Las banderas de la parte baja del estadio se seguían moviendo. Ondeaban azules y blancas, y hasta en esa zona se asomaban manchas amarillas. 

Nuevo intento del sonido local por incitar al "¡A-zul, A-zul!" y recibió "¡Águilas, águilas". El resto fue un recital del famoso "Vamos América" liderado por La Monumental. 

Siempre he pensado que a Cruz Azul, más a la afición, y específicamente a la joven, le urgen (casi igual que la novena estrella), hazañas. Cuando los celestes van abajo en el marcador, parece un encuentro perdido. Últimamente se ha reducido un poco esa costumbre, pero era la constante. Contrario a otros equipos. ¿Por qué?
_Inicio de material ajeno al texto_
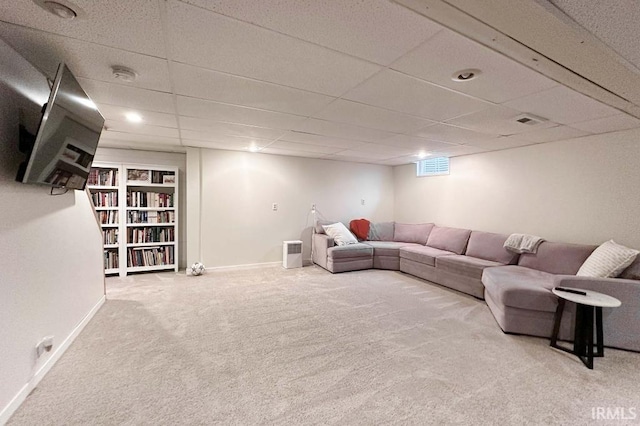 living room with carpet flooring, visible vents, baseboards, and a drop ceiling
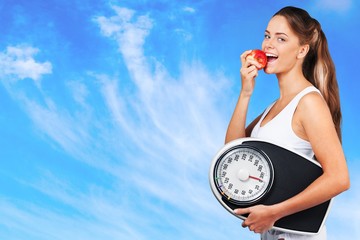 Exercising. Beautiful young woman holding measuring instrument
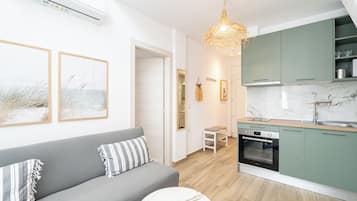 Loft standard | Área de estar | Smart TV 40 polegadas com canais a cabo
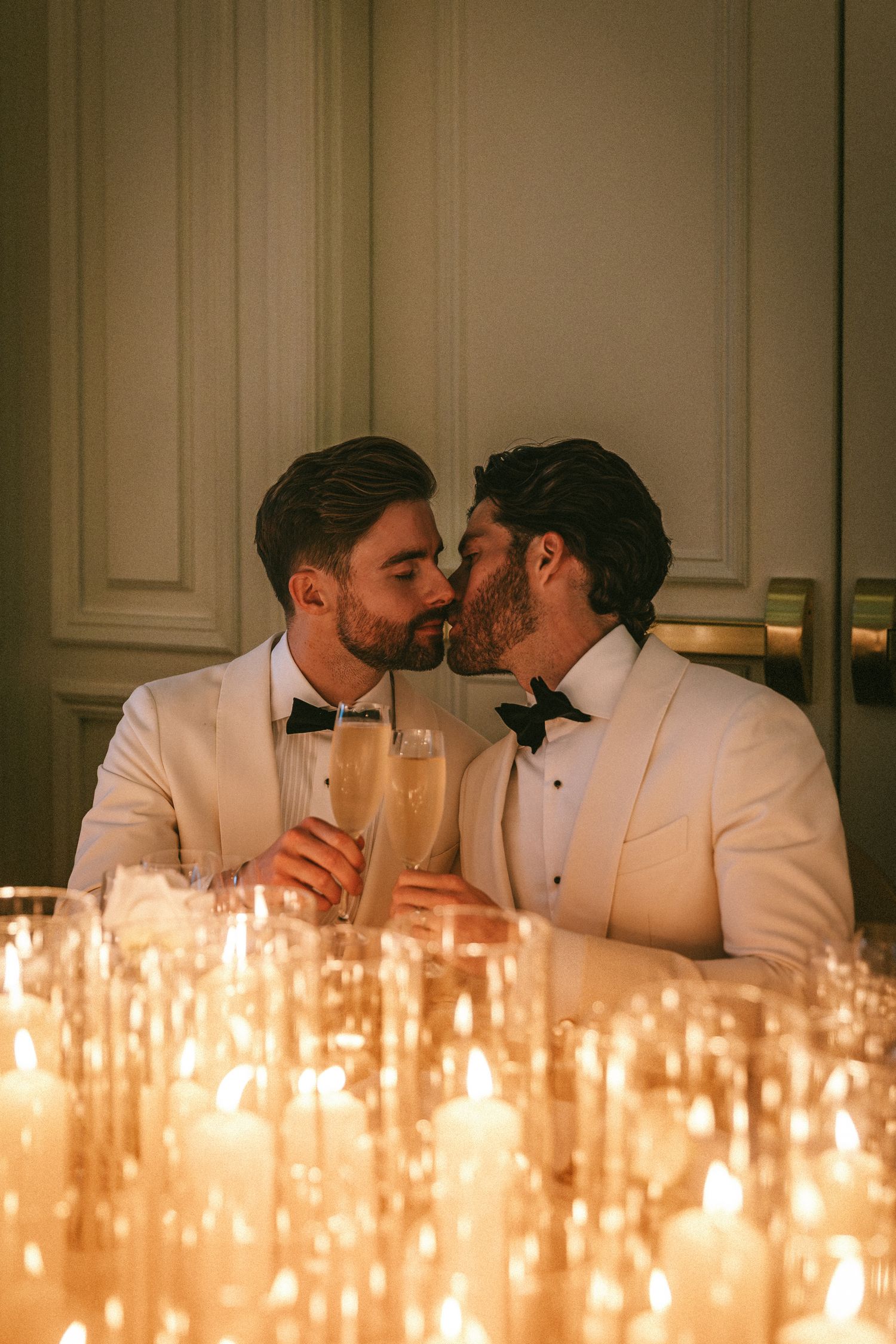 Two grooms in white tuxedos toast champagne surrounded by glowing candles at wedding reception.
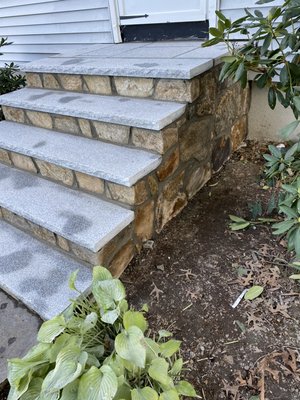 After picture of stairs with new salt and pepper granite cappings and landing area complete with a new veneer facing and sides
Porque mientras varios clubes han logrado odiseas en los minutos finales, los celestes han vivido las más grandes tragedias. Y eso le toca cambiarlo en la cancha. Así la gente creerá. 

Sigo sin saber calificar qué sucedió con la afición azul tras el gol de Edson Álvarez. Diría que fue comprensible su silencio prácticamente total, sin profundizar las razones ya muy conocidas: Cruz Azul poco hizo para ganar la final. Muy, muy poco. Y América hizo lo suficiente. Con eso bastó.

A veces también pienso que debieron sacar fuerzas y seguir alentando. Desde mi altura vi como algunas personas intentaban animar a los otros. Buscaban la complicidad cementera. Si por aquellas personas fuera posible, capaz que entran a la cancha a patear el balón. Pero no, la mayoría de la afición quedó marcada y es muy razonable. Y claro, después de casi un torneo perfecto la peor noche la tuvo su equipo en el peor momento posible. Igualmente, ¿quién soy yo para decirle qué hacer a alguien? 

Cayó el segundo gol y no había nada qué hacer ahí. Total reconocimiento de mi parte a quienes aguantaron por parte de Cruz Azul hasta el final. Se necesitó seguramente muchísima valentía y coraje. 

Del lado contrario todo era felicidad. Se sentían en su casa y la habían adoptado así aunque fueran visitantes administrativamente. Le salieron plumas a las gradas del Estadio Azteca, plumas que cobijaron a su afición en una victoria una vez más.